**THE TASK:**
Here are some entries; quote each one exactly.

== Segment start ==

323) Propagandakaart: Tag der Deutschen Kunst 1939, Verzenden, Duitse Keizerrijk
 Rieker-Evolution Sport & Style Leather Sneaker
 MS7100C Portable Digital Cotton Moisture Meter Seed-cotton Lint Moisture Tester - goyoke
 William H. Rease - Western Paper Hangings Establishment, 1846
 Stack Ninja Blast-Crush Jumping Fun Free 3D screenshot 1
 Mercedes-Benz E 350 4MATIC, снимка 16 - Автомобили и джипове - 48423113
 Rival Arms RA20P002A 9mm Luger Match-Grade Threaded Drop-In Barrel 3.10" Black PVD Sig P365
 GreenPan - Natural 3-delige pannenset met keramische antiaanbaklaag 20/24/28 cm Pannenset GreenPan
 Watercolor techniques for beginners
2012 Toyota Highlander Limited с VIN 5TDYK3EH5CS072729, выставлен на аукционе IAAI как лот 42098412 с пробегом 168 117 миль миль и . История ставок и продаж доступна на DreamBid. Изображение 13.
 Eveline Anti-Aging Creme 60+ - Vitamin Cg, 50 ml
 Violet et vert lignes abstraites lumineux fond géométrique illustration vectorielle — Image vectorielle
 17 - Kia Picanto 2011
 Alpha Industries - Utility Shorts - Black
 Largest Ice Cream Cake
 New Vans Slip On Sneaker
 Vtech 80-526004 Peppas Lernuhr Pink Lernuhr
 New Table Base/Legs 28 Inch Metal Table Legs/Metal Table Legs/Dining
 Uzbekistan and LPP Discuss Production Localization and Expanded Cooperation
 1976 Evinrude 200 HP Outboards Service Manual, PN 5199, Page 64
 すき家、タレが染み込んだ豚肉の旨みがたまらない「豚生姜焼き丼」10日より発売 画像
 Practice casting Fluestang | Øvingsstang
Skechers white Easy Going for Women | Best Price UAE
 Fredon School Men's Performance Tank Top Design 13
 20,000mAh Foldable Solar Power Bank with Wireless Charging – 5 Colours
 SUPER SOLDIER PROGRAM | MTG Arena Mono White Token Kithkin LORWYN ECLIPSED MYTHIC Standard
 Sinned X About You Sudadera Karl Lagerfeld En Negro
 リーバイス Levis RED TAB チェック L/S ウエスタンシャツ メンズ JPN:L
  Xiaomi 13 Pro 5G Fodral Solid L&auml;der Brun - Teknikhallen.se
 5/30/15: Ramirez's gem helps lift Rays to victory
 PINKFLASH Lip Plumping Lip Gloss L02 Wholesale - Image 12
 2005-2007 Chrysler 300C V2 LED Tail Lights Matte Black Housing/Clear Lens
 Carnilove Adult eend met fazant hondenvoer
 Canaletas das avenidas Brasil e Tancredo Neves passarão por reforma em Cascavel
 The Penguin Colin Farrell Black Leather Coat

== Segment end ==

**SOLUTION FOR THIS PROBLEM:**
323) Propagandakaart: Tag der Deutschen Kunst 1939, Verzenden, Duitse Keizerrijk
 Rieker-Evolution Sport & Style Leather Sneaker
 MS7100C Portable Digital Cotton Moisture Meter Seed-cotton Lint Moisture Tester - goyoke
 William H. Rease - Western Paper Hangings Establishment, 1846
 Stack Ninja Blast-Crush Jumping Fun Free 3D screenshot 1
 Mercedes-Benz E 350 4MATIC, снимка 16 - Автомобили и джипове - 48423113
 Rival Arms RA20P002A 9mm Luger Match-Grade Threaded Drop-In Barrel 3.10" Black PVD Sig P365
 GreenPan - Natural 3-delige pannenset met keramische antiaanbaklaag 20/24/28 cm Pannenset GreenPan
 Watercolor techniques for beginners
2012 Toyota Highlander Limited с VIN 5TDYK3EH5CS072729, выставлен на аукционе IAAI как лот 42098412 с пробегом 168 117 миль миль и . История ставок и продаж доступна на DreamBid. Изображение 13.
 Eveline Anti-Aging Creme 60+ - Vitamin Cg, 50 ml
 Violet et vert lignes abstraites lumineux fond géométrique illustration vectorielle — Image vectorielle
 17 - Kia Picanto 2011
 Alpha Industries - Utility Shorts - Black
 Largest Ice Cream Cake
 New Vans Slip On Sneaker
 Vtech 80-526004 Peppas Lernuhr Pink Lernuhr
 New Table Base/Legs 28 Inch Metal Table Legs/Metal Table Legs/Dining
 Uzbekistan and LPP Discuss Production Localization and Expanded Cooperation
 1976 Evinrude 200 HP Outboards Service Manual, PN 5199, Page 64
 すき家、タレが染み込んだ豚肉の旨みがたまらない「豚生姜焼き丼」10日より発売 画像
 Practice casting Fluestang | Øvingsstang
Skechers white Easy Going for Women | Best Price UAE
 Fredon School Men's Performance Tank Top Design 13
 20,000mAh Foldable Solar Power Bank with Wireless Charging – 5 Colours
 SUPER SOLDIER PROGRAM | MTG Arena Mono White Token Kithkin LORWYN ECLIPSED MYTHIC Standard
 Sinned X About You Sudadera Karl Lagerfeld En Negro
 リーバイス Levis RED TAB チェック L/S ウエスタンシャツ メンズ JPN:L
  Xiaomi 13 Pro 5G Fodral Solid L&auml;der Brun - Teknikhallen.se
 5/30/15: Ramirez's gem helps lift Rays to victory
 PINKFLASH Lip Plumping Lip Gloss L02 Wholesale - Image 12
 2005-2007 Chrysler 300C V2 LED Tail Lights Matte Black Housing/Clear Lens
 Carnilove Adult eend met fazant hondenvoer
 Canaletas das avenidas Brasil e Tancredo Neves passarão por reforma em Cascavel
 The Penguin Colin Farrell Black Leather Coat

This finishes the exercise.